After a lengthy probe into the laboratory’s data security practices, and shortly after the company’s CEO released an online trailer to his book highlighting corruption at the FTC, the regulator in August 2013 filed an administrative complaint alleging that LabMD violated Section 5 of the FTC Act by failing to safeguard medical and financial information on nearly 10,000 customers.
LabMD shot back that the unfairness prong of Section 5 didn’t give the FTC authority to regulate how a business protects consumer information.
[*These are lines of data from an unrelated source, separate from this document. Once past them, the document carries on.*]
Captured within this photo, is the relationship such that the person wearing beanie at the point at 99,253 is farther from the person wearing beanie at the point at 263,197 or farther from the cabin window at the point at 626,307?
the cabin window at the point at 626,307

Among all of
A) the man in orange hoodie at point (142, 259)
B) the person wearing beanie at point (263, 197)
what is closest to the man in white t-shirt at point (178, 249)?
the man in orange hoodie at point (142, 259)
And even if it did, LabMD argued, the Health Insurance Portability and Accountability Act would trump it because the information at stake is sensitive medical information.
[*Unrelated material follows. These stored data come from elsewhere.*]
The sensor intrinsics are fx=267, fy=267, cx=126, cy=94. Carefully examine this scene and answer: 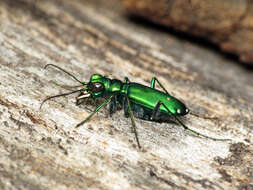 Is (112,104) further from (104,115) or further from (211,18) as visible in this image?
(211,18)

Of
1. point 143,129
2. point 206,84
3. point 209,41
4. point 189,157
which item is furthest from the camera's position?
point 209,41

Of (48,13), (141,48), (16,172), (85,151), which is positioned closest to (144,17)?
(141,48)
After the FTC commissioners affirmed the agency’s authority to bring the suit in a January 2014 ruling rejecting the laboratory’s bid to dismiss the action, the focus of the case shifted to whether the data security standards that LabMD had in place to protect consumers’ sensitive medical and personal information could be considered reasonable.
However, shortly after the trial to resolve these issues began, Judge Chappell brought the proceedings to a halt, due to testimony by Wallace that the House Intelligence Committee on Oversight and Government Reform was conducting an investigation into data security firm Tiversa Inc., which had provided the FTC with a the file containing sensitive information that had purportedly been found outside the medical testing laboratory’s internal network.
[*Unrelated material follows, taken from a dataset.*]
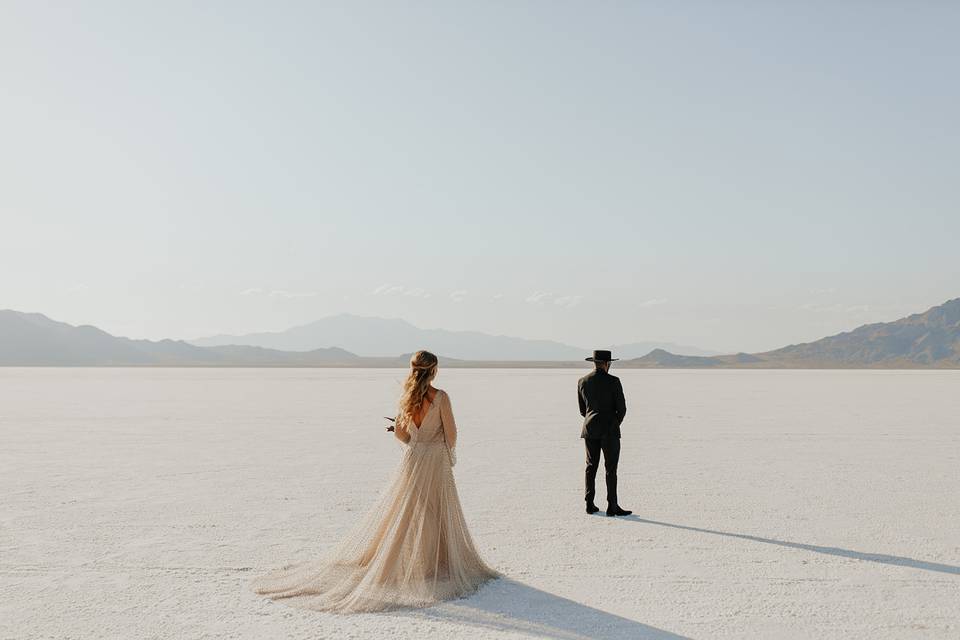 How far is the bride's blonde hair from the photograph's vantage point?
6.00 m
The FTC’s data security suit rests in large part on Tiversa’s claims that its routine scanning activities found that the LabMD patient file had leaked outside the company, an assertion that Wallace — a former Tiversa employee — is expected to refute by testifying that the file had only been found on the LabMD server.
But while the House Oversight Committee concluded its probe by releasing a Dec. 1 report that Tiversa failed to provide complete information about work it performed, the committee did not address the question of whether Wallace could be granted immunity for his testimony in the administrative proceedings, which Judge Chappell had elected to keep on hold until the immunity issue had been resolved.
The quandary was finally put to rest in January, when after receiving permission from theU.S. Department of Justice, Judge Chappell granted LabMD’s request to give immunity to Wallace, and ordered him to testify at the resumption of the evidentiary hearing, which the judge scheduled for March 3.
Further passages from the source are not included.